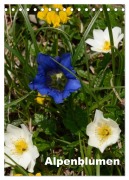 Cover-Bild zum Titel 'Alpenblumen (Tischkalender 2025 DIN A5 hoch), CALVENDO Monatskalender' von 'Willi Haas'
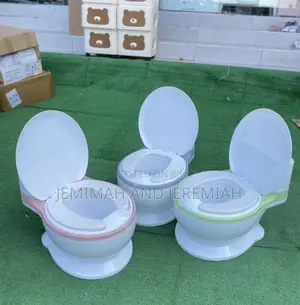Baby and Toddler Flash Potty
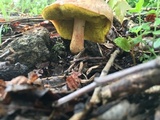 Aureoboletus auriporus image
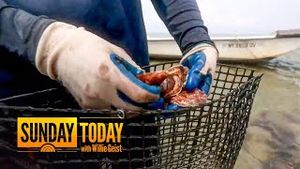 Video post by @today on YouTube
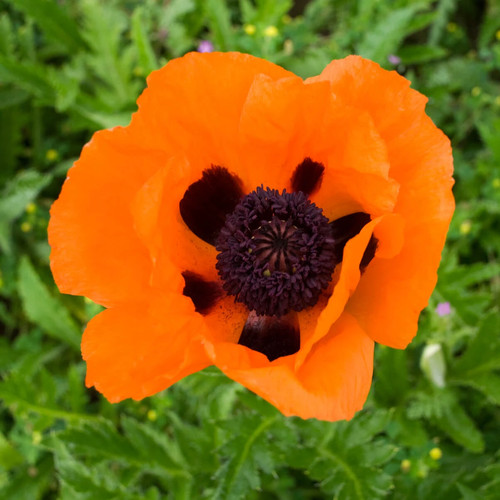 Oriental poppy prince - oriental, of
__________________________________________________
What you will do => Pictures in the records above should not be copied. Repeat everything else exactly.

The answer =>
 Cover-Bild zum Titel 'Alpenblumen (Tischkalender 2025 DIN A5 hoch), CALVENDO Monatskalender' von 'Willi Haas'
Baby and Toddler Flash Potty
 Aureoboletus auriporus image
 Video post by @today on YouTube
 Oriental poppy prince - oriental, of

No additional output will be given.